DATA FOR REVIEW ▸
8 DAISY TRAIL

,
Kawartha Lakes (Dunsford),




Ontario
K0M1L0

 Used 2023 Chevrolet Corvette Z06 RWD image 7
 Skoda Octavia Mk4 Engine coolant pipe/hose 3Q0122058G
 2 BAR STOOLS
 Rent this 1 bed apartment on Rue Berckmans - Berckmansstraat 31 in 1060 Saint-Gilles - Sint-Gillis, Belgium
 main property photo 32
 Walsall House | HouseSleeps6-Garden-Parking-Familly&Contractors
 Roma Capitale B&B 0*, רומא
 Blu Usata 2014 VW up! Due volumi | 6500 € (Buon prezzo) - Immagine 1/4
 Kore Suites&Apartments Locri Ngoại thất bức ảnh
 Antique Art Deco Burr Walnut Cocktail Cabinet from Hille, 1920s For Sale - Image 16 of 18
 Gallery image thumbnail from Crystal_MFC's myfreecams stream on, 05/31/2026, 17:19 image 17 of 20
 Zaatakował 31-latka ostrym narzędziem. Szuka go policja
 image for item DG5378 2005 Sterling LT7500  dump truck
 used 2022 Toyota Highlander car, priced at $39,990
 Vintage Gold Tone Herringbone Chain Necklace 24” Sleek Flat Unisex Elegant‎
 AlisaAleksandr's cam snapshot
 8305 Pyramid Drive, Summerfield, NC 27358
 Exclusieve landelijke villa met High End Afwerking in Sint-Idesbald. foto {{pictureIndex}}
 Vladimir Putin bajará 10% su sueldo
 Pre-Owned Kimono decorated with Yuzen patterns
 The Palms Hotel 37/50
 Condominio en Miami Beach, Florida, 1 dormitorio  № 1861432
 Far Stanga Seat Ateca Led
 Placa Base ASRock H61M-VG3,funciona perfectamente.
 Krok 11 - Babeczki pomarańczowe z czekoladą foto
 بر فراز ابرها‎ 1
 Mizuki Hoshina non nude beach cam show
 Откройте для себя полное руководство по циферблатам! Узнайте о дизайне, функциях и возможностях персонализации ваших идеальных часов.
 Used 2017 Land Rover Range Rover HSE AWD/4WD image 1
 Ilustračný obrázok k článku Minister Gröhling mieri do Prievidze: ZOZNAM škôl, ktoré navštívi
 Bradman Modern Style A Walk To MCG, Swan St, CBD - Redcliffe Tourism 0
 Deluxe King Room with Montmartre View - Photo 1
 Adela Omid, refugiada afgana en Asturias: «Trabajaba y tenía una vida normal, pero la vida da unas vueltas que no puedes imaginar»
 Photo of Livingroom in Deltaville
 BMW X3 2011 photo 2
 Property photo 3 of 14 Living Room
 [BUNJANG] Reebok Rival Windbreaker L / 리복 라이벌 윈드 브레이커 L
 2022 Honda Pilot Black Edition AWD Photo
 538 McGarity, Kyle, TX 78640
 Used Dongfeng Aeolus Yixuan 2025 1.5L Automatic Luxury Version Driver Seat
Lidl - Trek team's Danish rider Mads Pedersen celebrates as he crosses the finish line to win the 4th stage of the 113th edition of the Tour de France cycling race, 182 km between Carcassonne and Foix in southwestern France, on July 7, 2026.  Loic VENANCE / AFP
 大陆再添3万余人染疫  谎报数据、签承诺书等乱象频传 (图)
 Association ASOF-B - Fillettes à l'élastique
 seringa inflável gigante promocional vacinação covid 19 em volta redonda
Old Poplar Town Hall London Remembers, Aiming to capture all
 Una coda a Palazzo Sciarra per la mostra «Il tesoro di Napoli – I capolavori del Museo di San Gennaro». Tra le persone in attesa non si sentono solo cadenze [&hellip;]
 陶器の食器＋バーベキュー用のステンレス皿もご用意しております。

WHAT YOU NEED TO DO ▸
Reproduce the records above in their entirety, unchanged.

ANSWER SPACE ▸
8 DAISY TRAIL

,
Kawartha Lakes (Dunsford),




Ontario
K0M1L0

 Used 2023 Chevrolet Corvette Z06 RWD image 7
 Skoda Octavia Mk4 Engine coolant pipe/hose 3Q0122058G
 2 BAR STOOLS
 Rent this 1 bed apartment on Rue Berckmans - Berckmansstraat 31 in 1060 Saint-Gilles - Sint-Gillis, Belgium
 main property photo 32
 Walsall House | HouseSleeps6-Garden-Parking-Familly&Contractors
 Roma Capitale B&B 0*, רומא
 Blu Usata 2014 VW up! Due volumi | 6500 € (Buon prezzo) - Immagine 1/4
 Kore Suites&Apartments Locri Ngoại thất bức ảnh
 Antique Art Deco Burr Walnut Cocktail Cabinet from Hille, 1920s For Sale - Image 16 of 18
 Gallery image thumbnail from Crystal_MFC's myfreecams stream on, 05/31/2026, 17:19 image 17 of 20
 Zaatakował 31-latka ostrym narzędziem. Szuka go policja
 image for item DG5378 2005 Sterling LT7500  dump truck
 used 2022 Toyota Highlander car, priced at $39,990
 Vintage Gold Tone Herringbone Chain Necklace 24” Sleek Flat Unisex Elegant‎
 AlisaAleksandr's cam snapshot
 8305 Pyramid Drive, Summerfield, NC 27358
 Exclusieve landelijke villa met High End Afwerking in Sint-Idesbald. foto {{pictureIndex}}
 Vladimir Putin bajará 10% su sueldo
 Pre-Owned Kimono decorated with Yuzen patterns
 The Palms Hotel 37/50
 Condominio en Miami Beach, Florida, 1 dormitorio  № 1861432
 Far Stanga Seat Ateca Led
 Placa Base ASRock H61M-VG3,funciona perfectamente.
 Krok 11 - Babeczki pomarańczowe z czekoladą foto
 بر فراز ابرها‎ 1
 Mizuki Hoshina non nude beach cam show
 Откройте для себя полное руководство по циферблатам! Узнайте о дизайне, функциях и возможностях персонализации ваших идеальных часов.
 Used 2017 Land Rover Range Rover HSE AWD/4WD image 1
 Ilustračný obrázok k článku Minister Gröhling mieri do Prievidze: ZOZNAM škôl, ktoré navštívi
 Bradman Modern Style A Walk To MCG, Swan St, CBD - Redcliffe Tourism 0
 Deluxe King Room with Montmartre View - Photo 1
 Adela Omid, refugiada afgana en Asturias: «Trabajaba y tenía una vida normal, pero la vida da unas vueltas que no puedes imaginar»
 Photo of Livingroom in Deltaville
 BMW X3 2011 photo 2
 Property photo 3 of 14 Living Room
 [BUNJANG] Reebok Rival Windbreaker L / 리복 라이벌 윈드 브레이커 L
 2022 Honda Pilot Black Edition AWD Photo
 538 McGarity, Kyle, TX 78640
 Used Dongfeng Aeolus Yixuan 2025 1.5L Automatic Luxury Version Driver Seat
Lidl - Trek team's Danish rider Mads Pedersen celebrates as he crosses the finish line to win the 4th stage of the 113th edition of the Tour de France cycling race, 182 km between Carcassonne and Foix in southwestern France, on July 7, 2026.  Loic VENANCE / AFP
 大陆再添3万余人染疫  谎报数据、签承诺书等乱象频传 (图)
 Association ASOF-B - Fillettes à l'élastique
 seringa inflável gigante promocional vacinação covid 19 em volta redonda
Old Poplar Town Hall London Remembers, Aiming to capture all
 Una coda a Palazzo Sciarra per la mostra «Il tesoro di Napoli – I capolavori del Museo di San Gennaro». Tra le persone in attesa non si sentono solo cadenze [&hellip;]
 陶器の食器＋バーベキュー用のステンレス皿もご用意しております。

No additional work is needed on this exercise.